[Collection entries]
= Beginning of Section =
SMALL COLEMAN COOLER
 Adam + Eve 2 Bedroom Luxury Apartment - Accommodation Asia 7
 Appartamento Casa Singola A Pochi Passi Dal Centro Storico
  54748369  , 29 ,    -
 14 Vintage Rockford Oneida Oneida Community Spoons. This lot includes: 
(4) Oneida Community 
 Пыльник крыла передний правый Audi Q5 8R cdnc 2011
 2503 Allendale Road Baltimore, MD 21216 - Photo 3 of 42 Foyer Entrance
= End of Section =
What the task requires: Line by line, retype all of the entries.

Result of this exercise:
SMALL COLEMAN COOLER
 Adam + Eve 2 Bedroom Luxury Apartment - Accommodation Asia 7
 Appartamento Casa Singola A Pochi Passi Dal Centro Storico
  54748369  , 29 ,    -
 14 Vintage Rockford Oneida Oneida Community Spoons. This lot includes: 
(4) Oneida Community 
 Пыльник крыла передний правый Audi Q5 8R cdnc 2011
 2503 Allendale Road Baltimore, MD 21216 - Photo 3 of 42 Foyer Entrance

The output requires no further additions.